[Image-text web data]
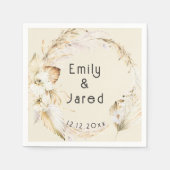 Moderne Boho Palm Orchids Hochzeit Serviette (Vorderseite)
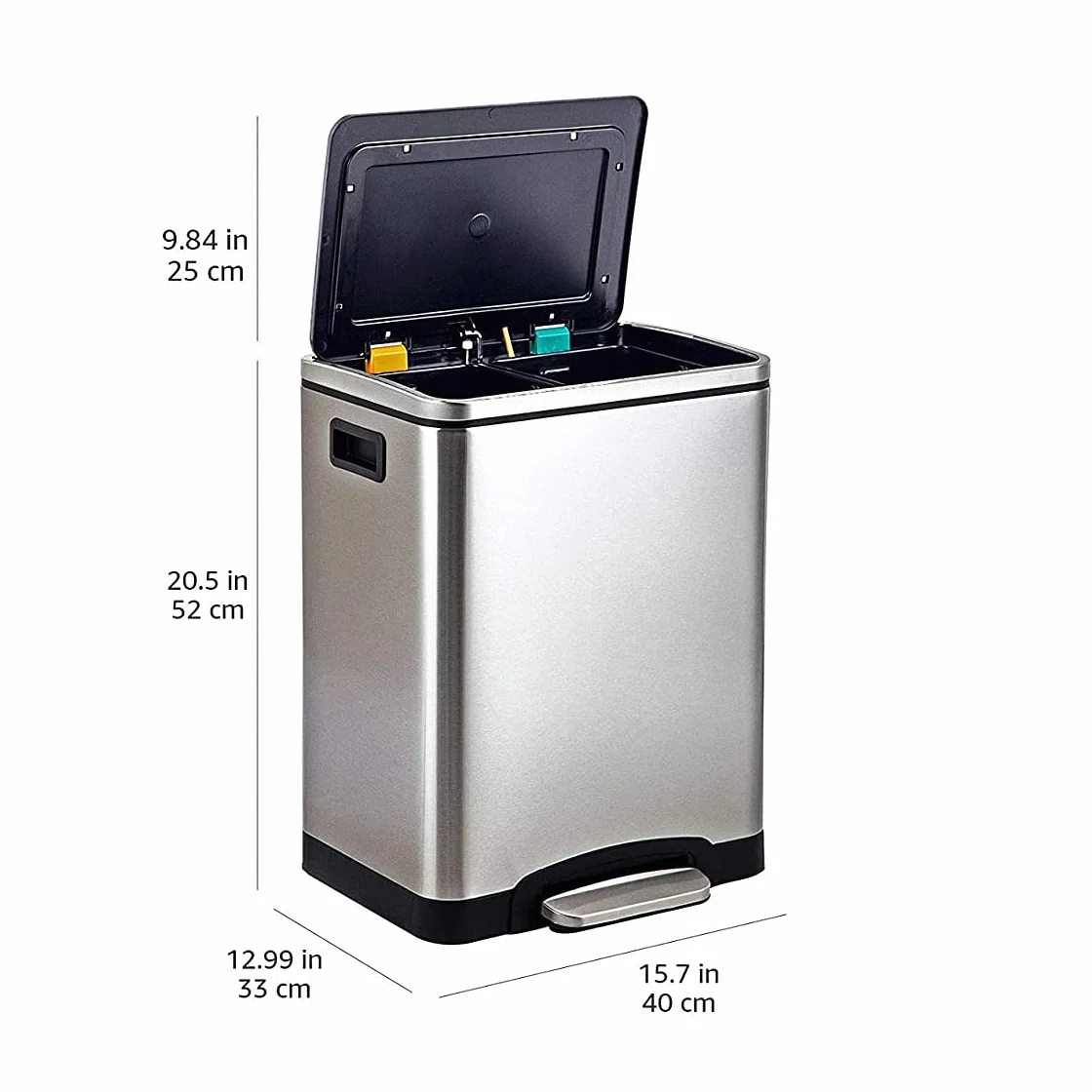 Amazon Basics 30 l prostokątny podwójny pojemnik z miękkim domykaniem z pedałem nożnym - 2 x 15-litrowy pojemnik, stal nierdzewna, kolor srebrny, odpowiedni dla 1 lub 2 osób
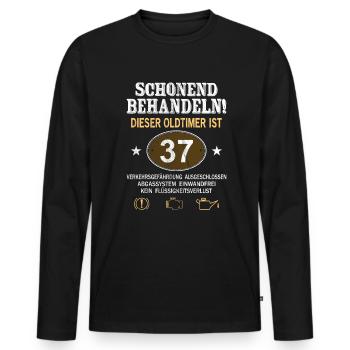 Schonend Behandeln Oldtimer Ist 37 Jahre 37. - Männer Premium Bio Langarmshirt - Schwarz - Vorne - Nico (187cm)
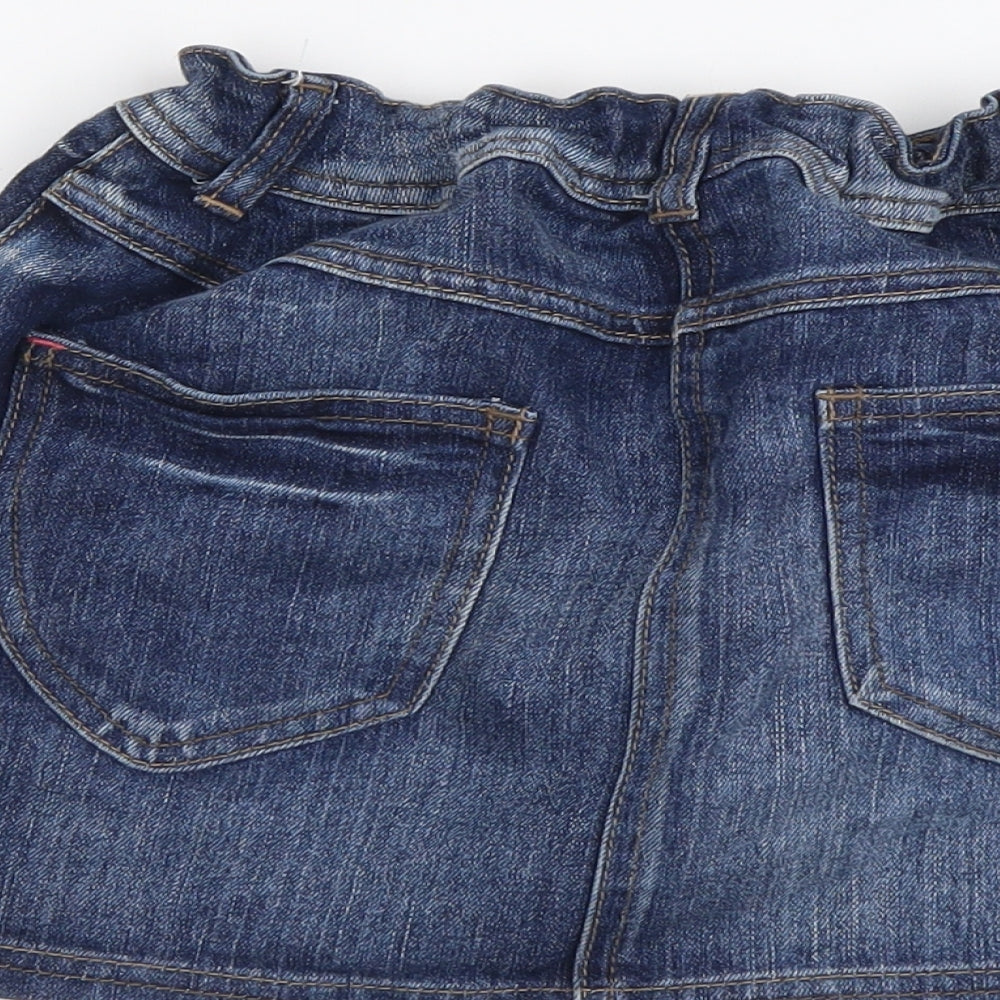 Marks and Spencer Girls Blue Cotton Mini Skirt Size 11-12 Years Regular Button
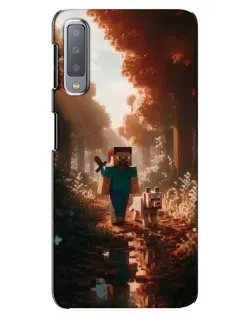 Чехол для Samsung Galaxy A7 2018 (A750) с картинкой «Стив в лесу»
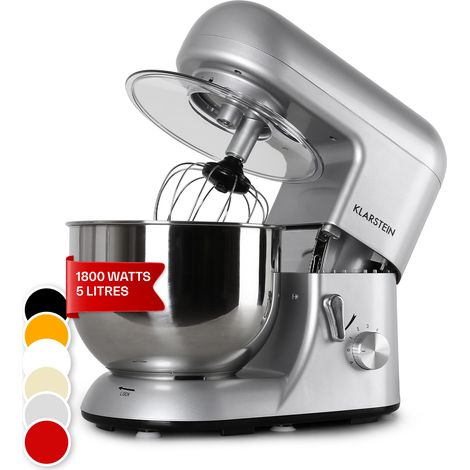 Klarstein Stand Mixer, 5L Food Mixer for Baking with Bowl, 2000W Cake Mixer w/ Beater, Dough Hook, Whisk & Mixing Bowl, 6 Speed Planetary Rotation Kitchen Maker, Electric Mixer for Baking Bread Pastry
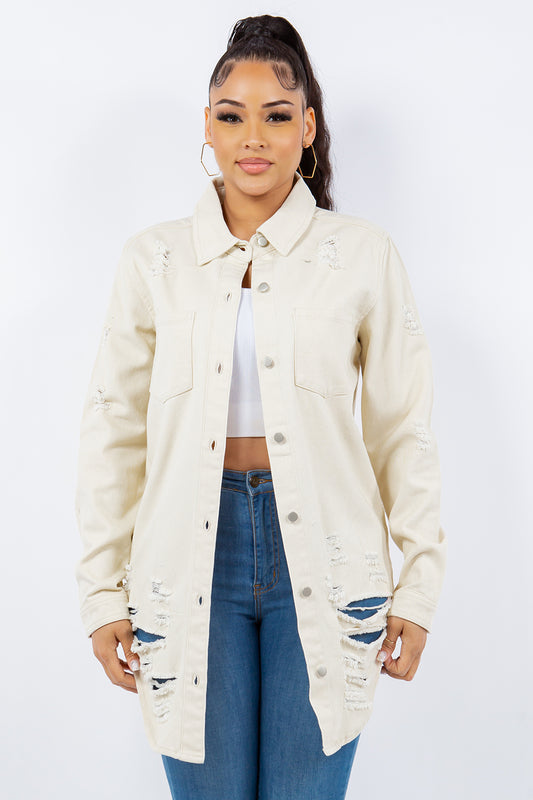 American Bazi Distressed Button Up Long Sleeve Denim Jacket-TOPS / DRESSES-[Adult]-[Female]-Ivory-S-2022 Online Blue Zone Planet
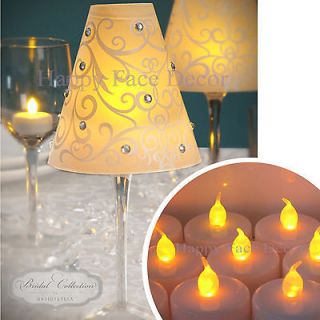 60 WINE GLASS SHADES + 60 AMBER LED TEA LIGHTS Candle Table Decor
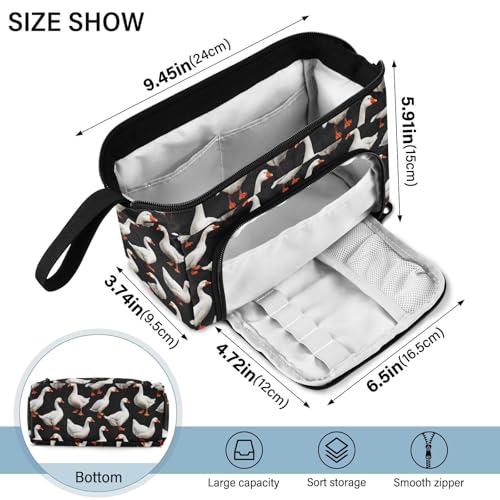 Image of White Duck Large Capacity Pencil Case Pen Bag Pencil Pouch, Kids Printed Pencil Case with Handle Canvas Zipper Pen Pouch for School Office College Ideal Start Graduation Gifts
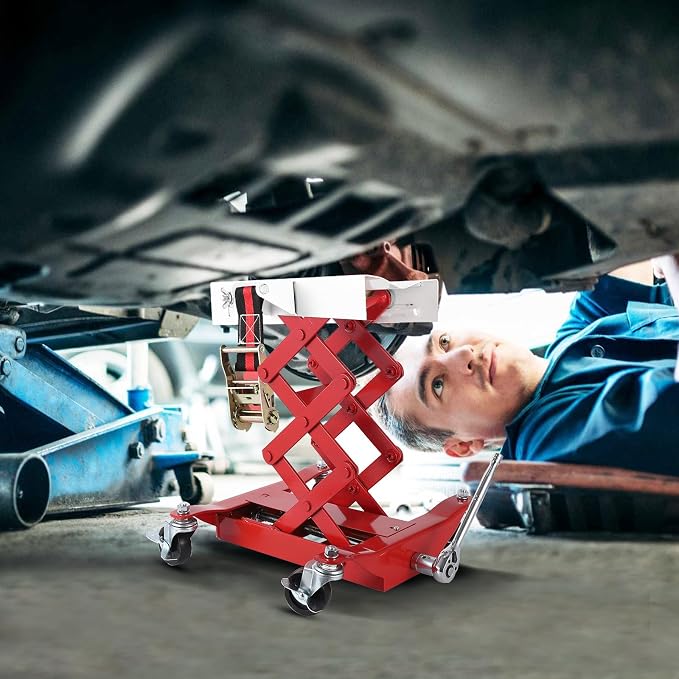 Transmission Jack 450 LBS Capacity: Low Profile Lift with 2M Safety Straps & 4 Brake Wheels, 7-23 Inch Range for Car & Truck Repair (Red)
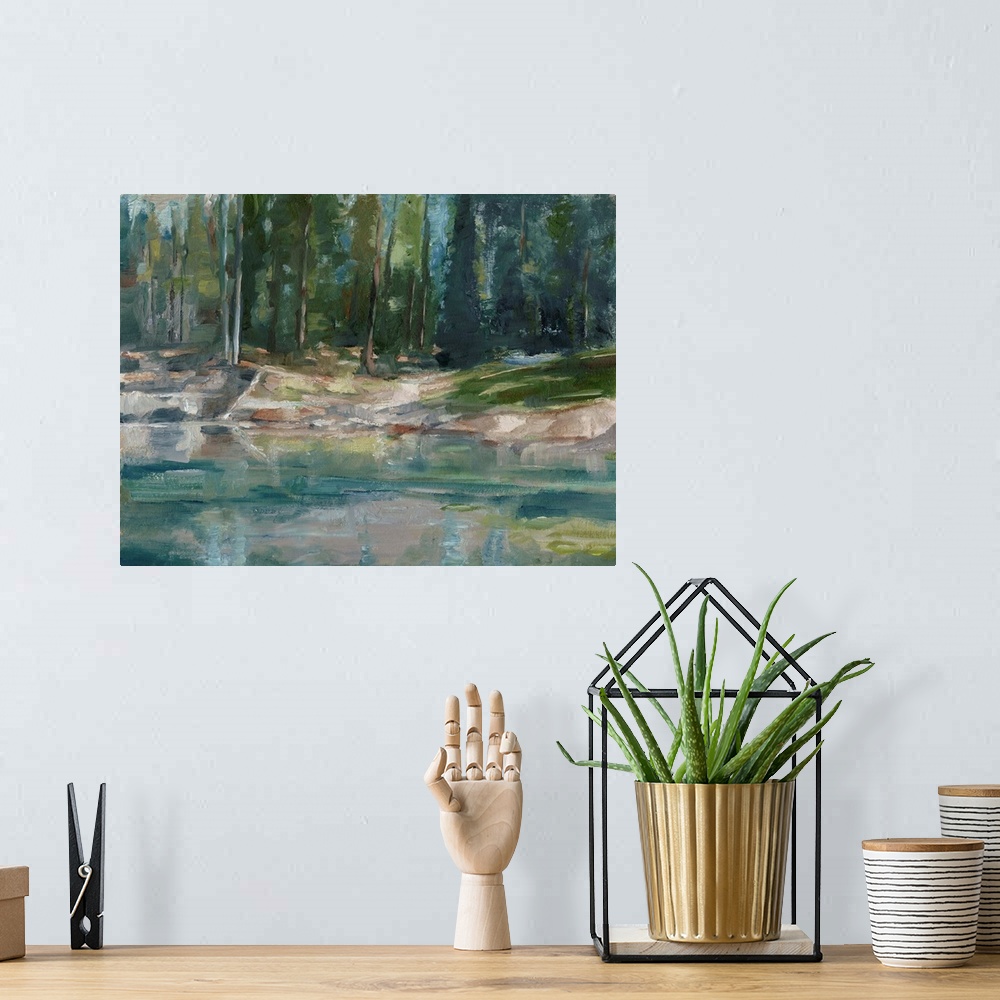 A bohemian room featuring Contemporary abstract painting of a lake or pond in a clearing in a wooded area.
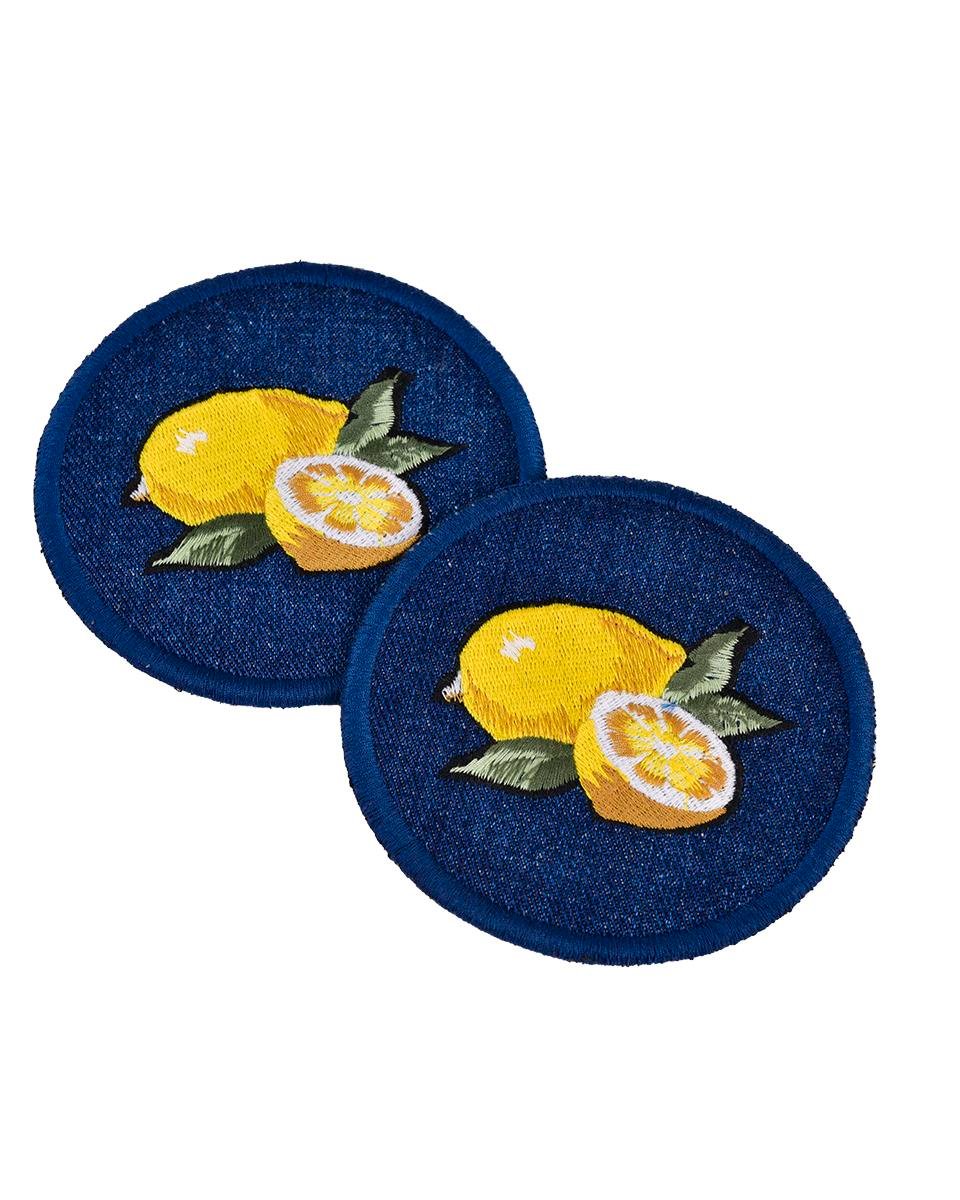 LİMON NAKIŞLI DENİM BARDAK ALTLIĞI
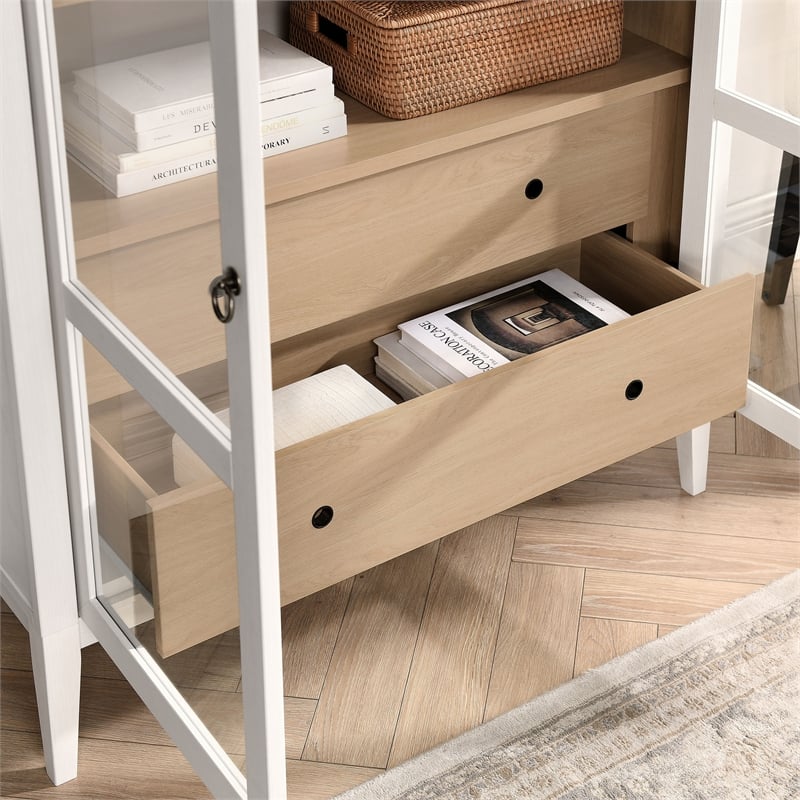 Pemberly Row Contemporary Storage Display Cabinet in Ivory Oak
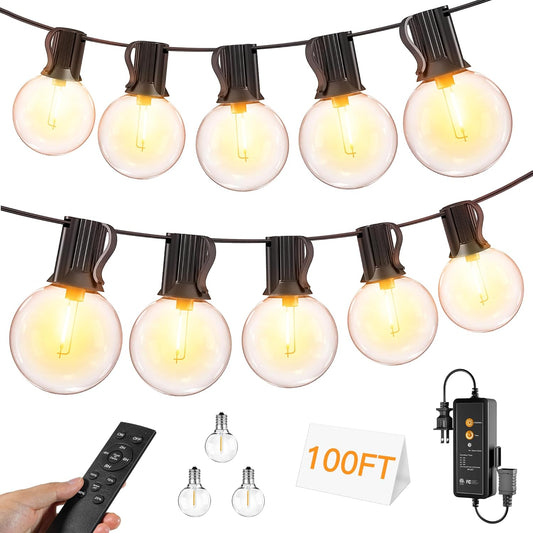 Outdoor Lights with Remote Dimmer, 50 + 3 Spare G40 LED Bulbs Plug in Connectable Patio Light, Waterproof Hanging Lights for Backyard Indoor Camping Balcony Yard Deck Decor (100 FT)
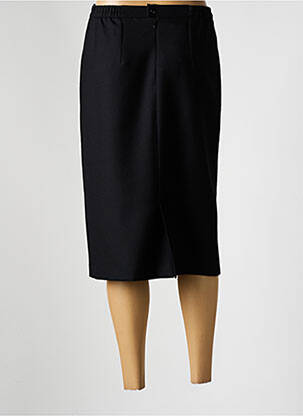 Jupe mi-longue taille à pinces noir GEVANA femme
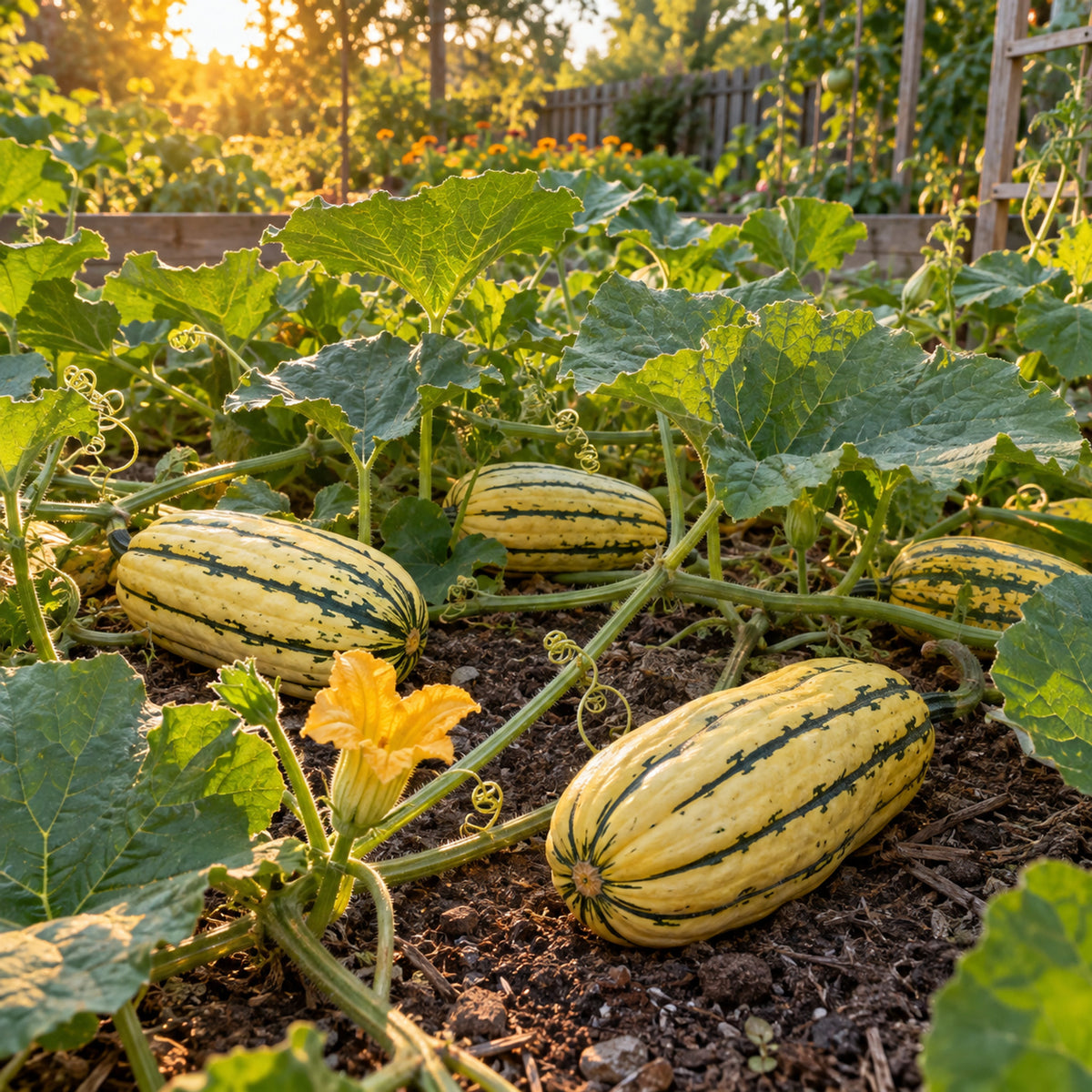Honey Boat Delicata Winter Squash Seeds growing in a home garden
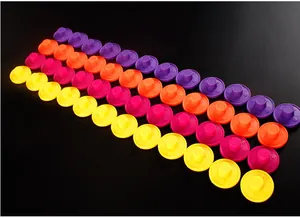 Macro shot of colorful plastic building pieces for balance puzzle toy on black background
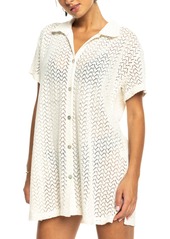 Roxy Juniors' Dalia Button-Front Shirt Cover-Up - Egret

* Problem to solve *
Starting from the line containing "Image of White", repeat each line exactly through the end of the entries, including the last, while leaving pictures out.

* Response for this exercise *
 Image of White Duck Large Capacity Pencil Case Pen Bag Pencil Pouch, Kids Printed Pencil Case with Handle Canvas Zipper Pen Pouch for School Office College Ideal Start Graduation Gifts
 Transmission Jack 450 LBS Capacity: Low Profile Lift with 2M Safety Straps & 4 Brake Wheels, 7-23 Inch Range for Car & Truck Repair (Red)
 A bohemian room featuring Contemporary abstract painting of a lake or pond in a clearing in a wooded area.
 LİMON NAKIŞLI DENİM BARDAK ALTLIĞI
 Pemberly Row Contemporary Storage Display Cabinet in Ivory Oak
 Outdoor Lights with Remote Dimmer, 50 + 3 Spare G40 LED Bulbs Plug in Connectable Patio Light, Waterproof Hanging Lights for Backyard Indoor Camping Balcony Yard Deck Decor (100 FT)
 Jupe mi-longue taille à pinces noir GEVANA femme
Honey Boat Delicata Winter Squash Seeds growing in a home garden
 Macro shot of colorful plastic building pieces for balance puzzle toy on black background
 Roxy Juniors' Dalia Button-Front Shirt Cover-Up - Egret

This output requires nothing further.